** Opening Material to process block **

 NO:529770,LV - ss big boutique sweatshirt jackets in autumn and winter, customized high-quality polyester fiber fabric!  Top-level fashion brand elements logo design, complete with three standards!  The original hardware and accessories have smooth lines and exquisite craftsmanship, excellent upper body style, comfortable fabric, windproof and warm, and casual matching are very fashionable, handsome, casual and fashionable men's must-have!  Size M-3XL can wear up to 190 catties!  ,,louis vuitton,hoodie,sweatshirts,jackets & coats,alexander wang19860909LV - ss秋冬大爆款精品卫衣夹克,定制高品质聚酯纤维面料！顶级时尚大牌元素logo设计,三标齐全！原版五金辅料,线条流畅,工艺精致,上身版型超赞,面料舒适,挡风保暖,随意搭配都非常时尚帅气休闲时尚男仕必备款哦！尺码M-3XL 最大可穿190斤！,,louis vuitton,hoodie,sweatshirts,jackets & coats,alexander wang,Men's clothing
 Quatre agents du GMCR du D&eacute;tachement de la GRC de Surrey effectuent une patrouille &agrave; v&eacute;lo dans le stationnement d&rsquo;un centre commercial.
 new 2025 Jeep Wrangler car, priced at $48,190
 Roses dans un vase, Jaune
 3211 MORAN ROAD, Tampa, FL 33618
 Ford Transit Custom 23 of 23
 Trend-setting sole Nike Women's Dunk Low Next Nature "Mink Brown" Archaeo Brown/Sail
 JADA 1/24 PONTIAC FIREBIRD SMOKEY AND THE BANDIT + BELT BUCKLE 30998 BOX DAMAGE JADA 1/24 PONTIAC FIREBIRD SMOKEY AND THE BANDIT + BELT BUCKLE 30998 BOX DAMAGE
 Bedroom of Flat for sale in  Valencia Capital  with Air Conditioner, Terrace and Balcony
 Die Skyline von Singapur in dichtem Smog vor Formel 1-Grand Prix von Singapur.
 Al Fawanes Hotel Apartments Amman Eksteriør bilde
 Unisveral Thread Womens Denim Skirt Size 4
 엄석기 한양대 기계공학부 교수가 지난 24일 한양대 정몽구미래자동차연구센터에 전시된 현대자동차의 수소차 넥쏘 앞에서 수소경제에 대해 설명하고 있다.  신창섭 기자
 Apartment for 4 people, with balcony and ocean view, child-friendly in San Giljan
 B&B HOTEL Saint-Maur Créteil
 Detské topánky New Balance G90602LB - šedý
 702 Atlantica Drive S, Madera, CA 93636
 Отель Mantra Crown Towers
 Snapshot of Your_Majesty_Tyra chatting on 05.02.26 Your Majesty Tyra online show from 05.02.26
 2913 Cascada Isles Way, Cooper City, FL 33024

** Closing Material to process block **

Problem details
Take the line containing "702 Atlantica Drive S, Madera, CA 93636" and each line after it up to the last line of the listing, and print them exactly.

Final answer
 702 Atlantica Drive S, Madera, CA 93636
 Отель Mantra Crown Towers
 Snapshot of Your_Majesty_Tyra chatting on 05.02.26 Your Majesty Tyra online show from 05.02.26
 2913 Cascada Isles Way, Cooper City, FL 33024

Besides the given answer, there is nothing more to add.